═══ RECORDS FOR THIS EXERCISE ═══

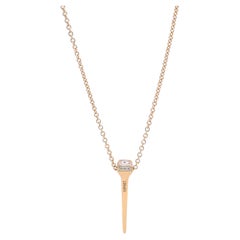 LUGANO Kite Nail Diamond Pendant Necklace 18K Rose Gold 0.28Ctw 1071973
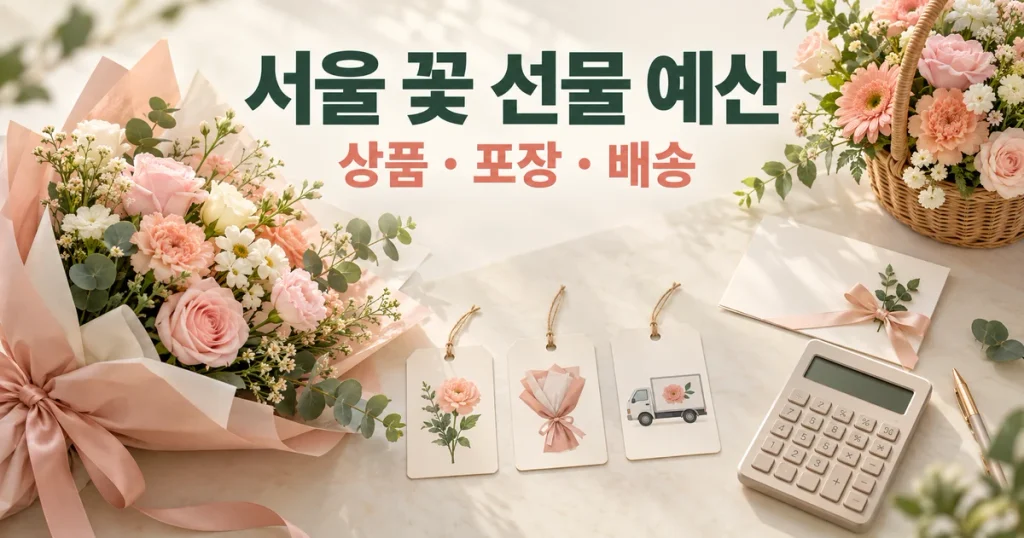 서울 꽃 선물 예산 정하는 법, 상품값·포장·배송비를 나누어 계산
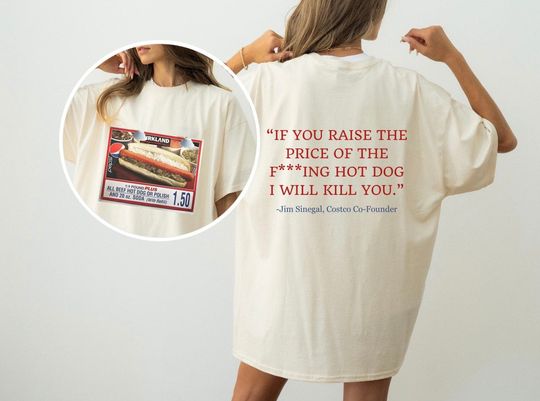 Discover Costco Hot Dog Shirt Costco Hotdog Shirt
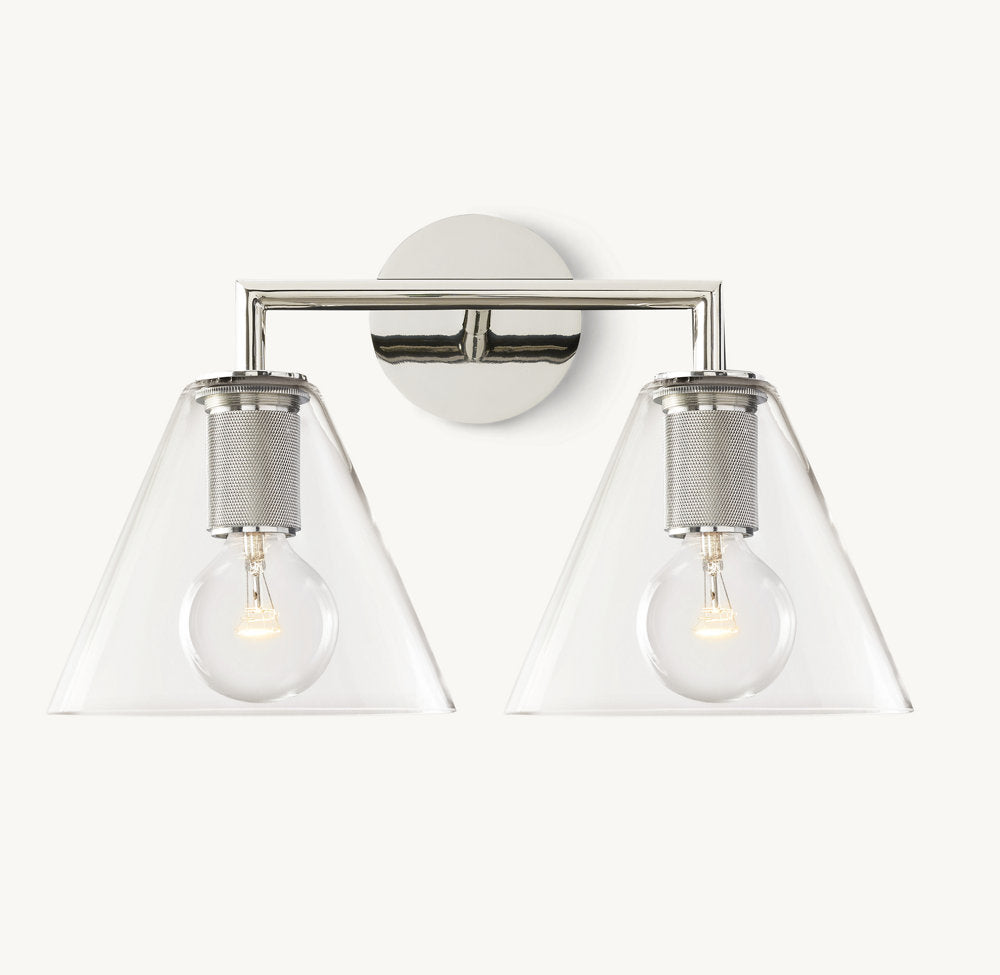 UTILITAIRE FUNNEL SHADE DOUBLE SCONCE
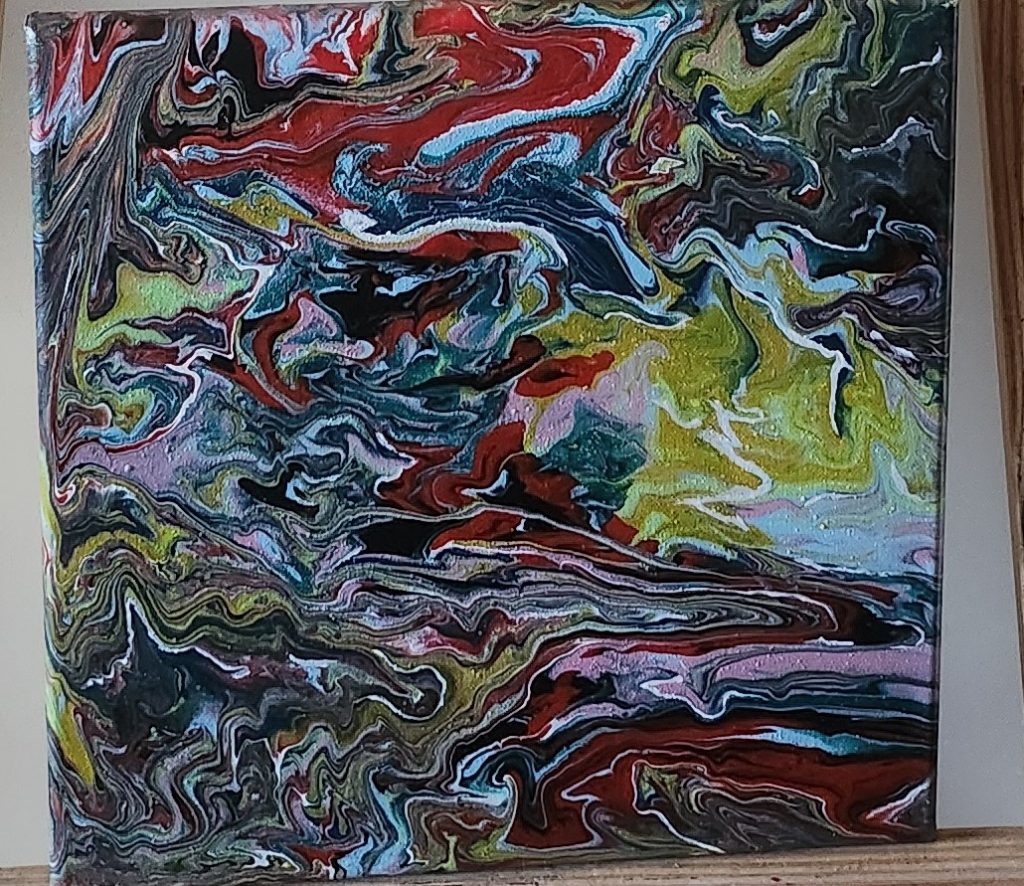 Fusion Tellurique – Tableau abstrait inspiré des forces terrestres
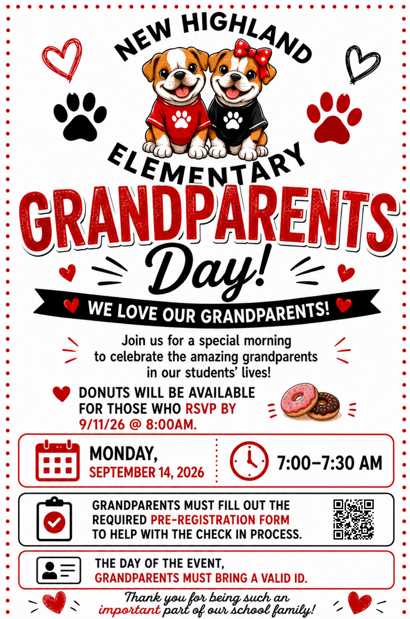 Grandparents Day. Scan QR code to register.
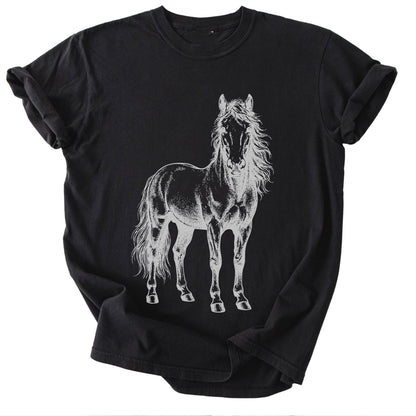 Vintage Western Standing Horse Graphic Tee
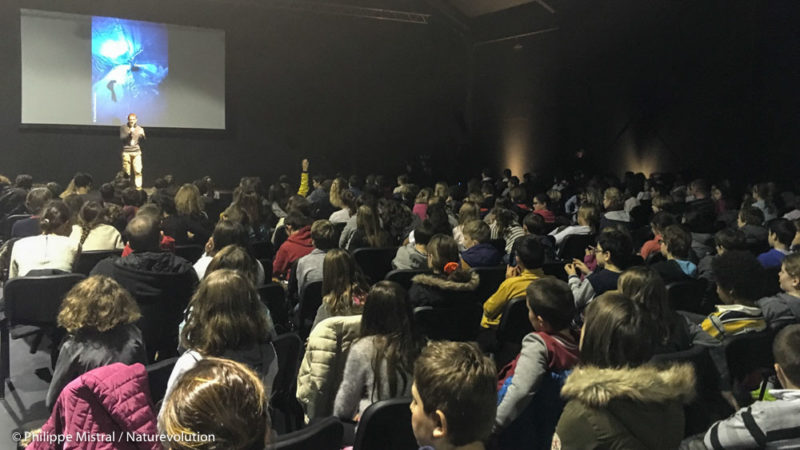 Intervention scolaire lors du festival de La Rochelle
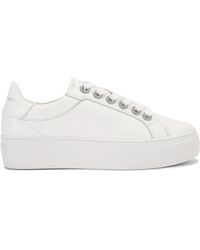 Kurt Geiger - Leather Kgl Crystal Cupsole Sneakers - Lyst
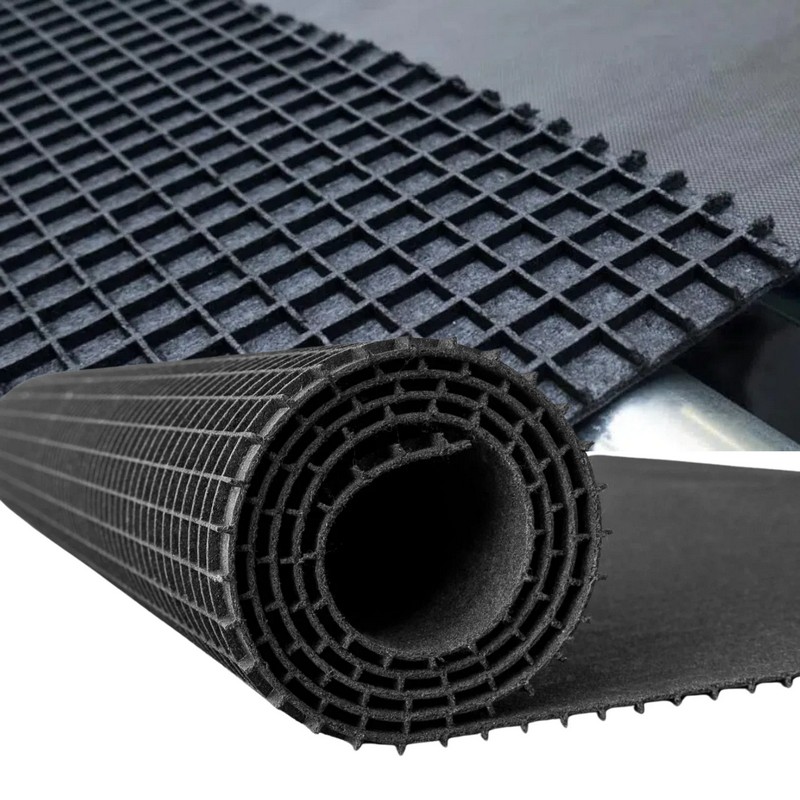 Mata gumowa ryflowana REKOSQUARE rolka, wym. 1,2 x 10 m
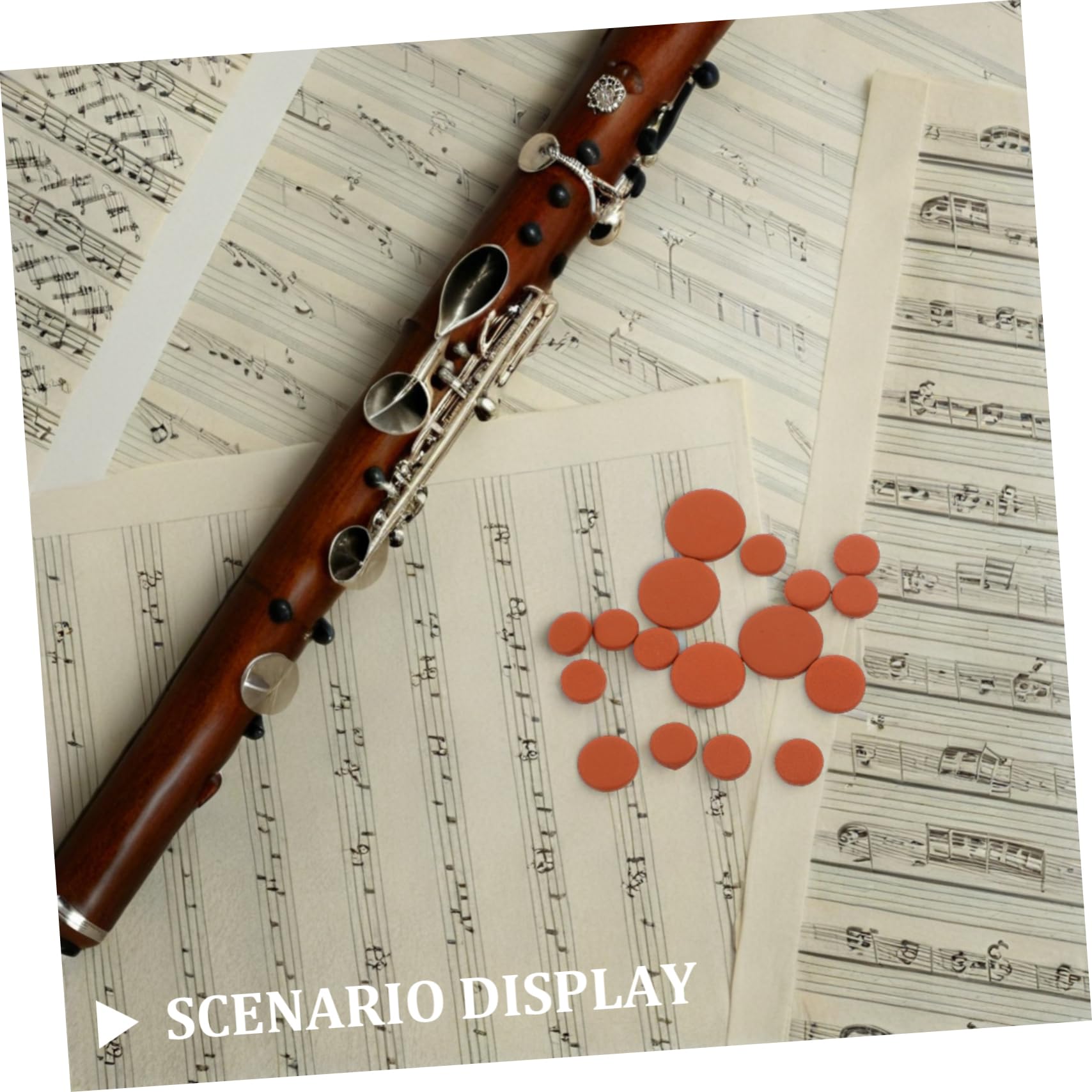 Levemolo Sound Hole Pads Set 17pcs Leather Pads Repair Kit for Comfortable for Professional Use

═══

## WHAT TO DO
Copy out the entries above in full and exactly, skipping every picture.

## SOLUTION TO THE PROBLEM
 LUGANO Kite Nail Diamond Pendant Necklace 18K Rose Gold 0.28Ctw 1071973
 서울 꽃 선물 예산 정하는 법, 상품값·포장·배송비를 나누어 계산
 Discover Costco Hot Dog Shirt Costco Hotdog Shirt
 UTILITAIRE FUNNEL SHADE DOUBLE SCONCE
 Fusion Tellurique – Tableau abstrait inspiré des forces terrestres
 Grandparents Day. Scan QR code to register.
 Vintage Western Standing Horse Graphic Tee
 Intervention scolaire lors du festival de La Rochelle
 Kurt Geiger - Leather Kgl Crystal Cupsole Sneakers - Lyst
 Mata gumowa ryflowana REKOSQUARE rolka, wym. 1,2 x 10 m
 Levemolo Sound Hole Pads Set 17pcs Leather Pads Repair Kit for Comfortable for Professional Use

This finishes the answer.